WHAT NEEDS TO BE DONE: Could you please write out each line of the records exactly, minus the pictures?

RECORDED INFORMATION:
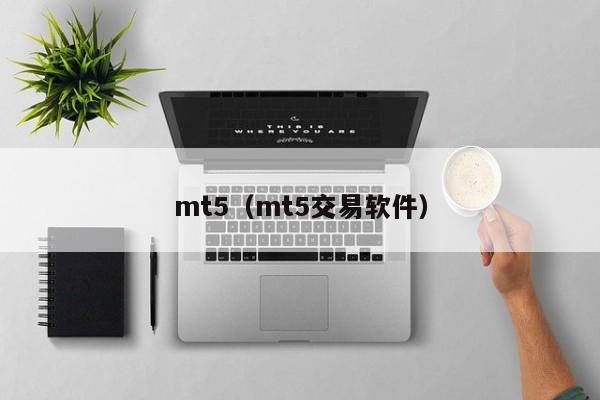 mt5（mt5交易软件）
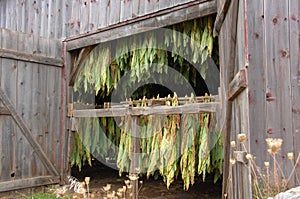 Shade Tobacco Drying in Barn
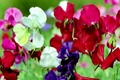 Dwarf Sweet Pea Seeds Bijou Mix | Non-GMO Annual Flower Seeds in Bulk | Lathyrus odoratus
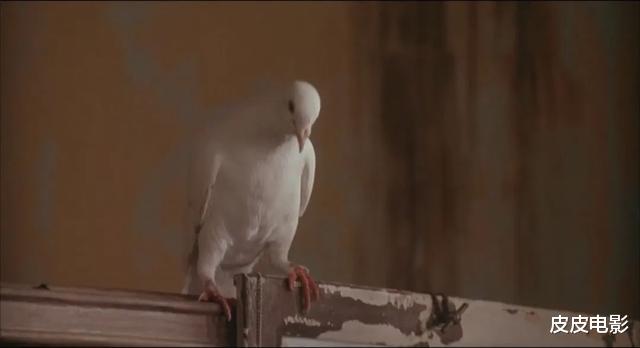 [吴宇森]1993年，吴宇森拍出这部B级片，美国票房大卖，香港影迷却怒给差评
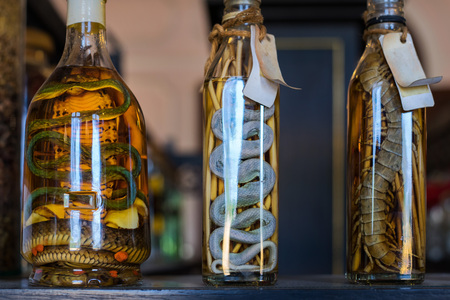 Thai traditional liquor with pickled snakes, cobra, giant centipede and herbの写真素材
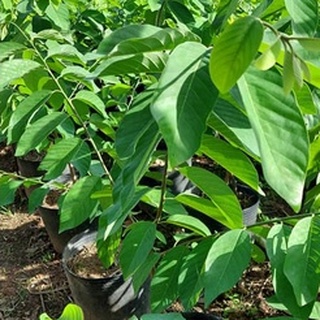 Cây Giống Na Sầu Riêng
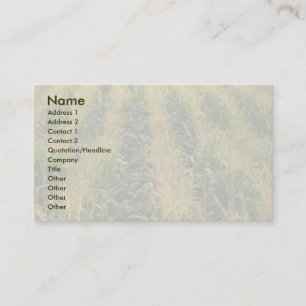 Corn field business card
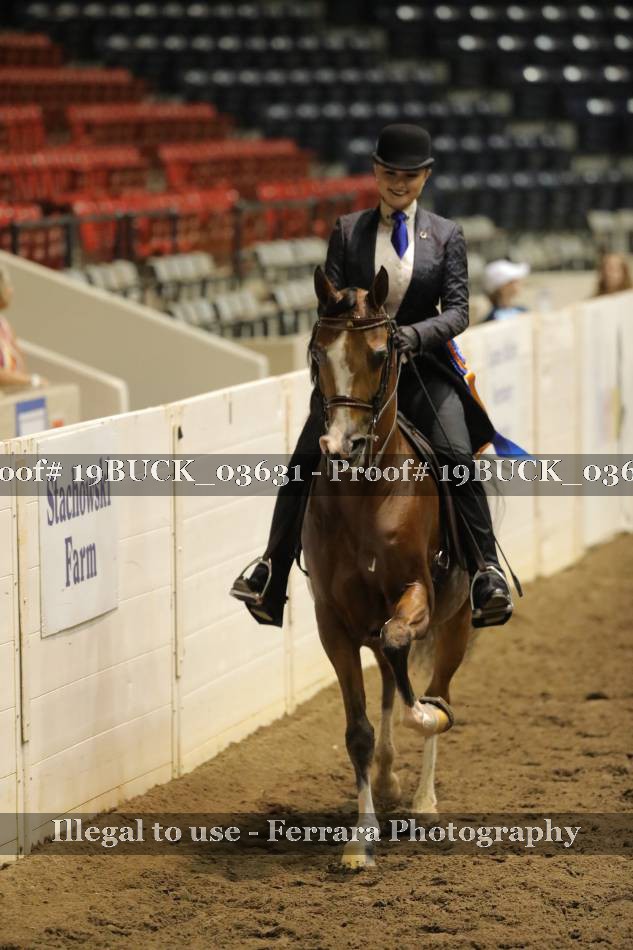 Proof 19BUCK_03631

RESULT OF THIS TASK:
 mt5（mt5交易软件）
 Shade Tobacco Drying in Barn
 Dwarf Sweet Pea Seeds Bijou Mix | Non-GMO Annual Flower Seeds in Bulk | Lathyrus odoratus
 [吴宇森]1993年，吴宇森拍出这部B级片，美国票房大卖，香港影迷却怒给差评
 Thai traditional liquor with pickled snakes, cobra, giant centipede and herbの写真素材
 Cây Giống Na Sầu Riêng
 Corn field business card
 Proof 19BUCK_03631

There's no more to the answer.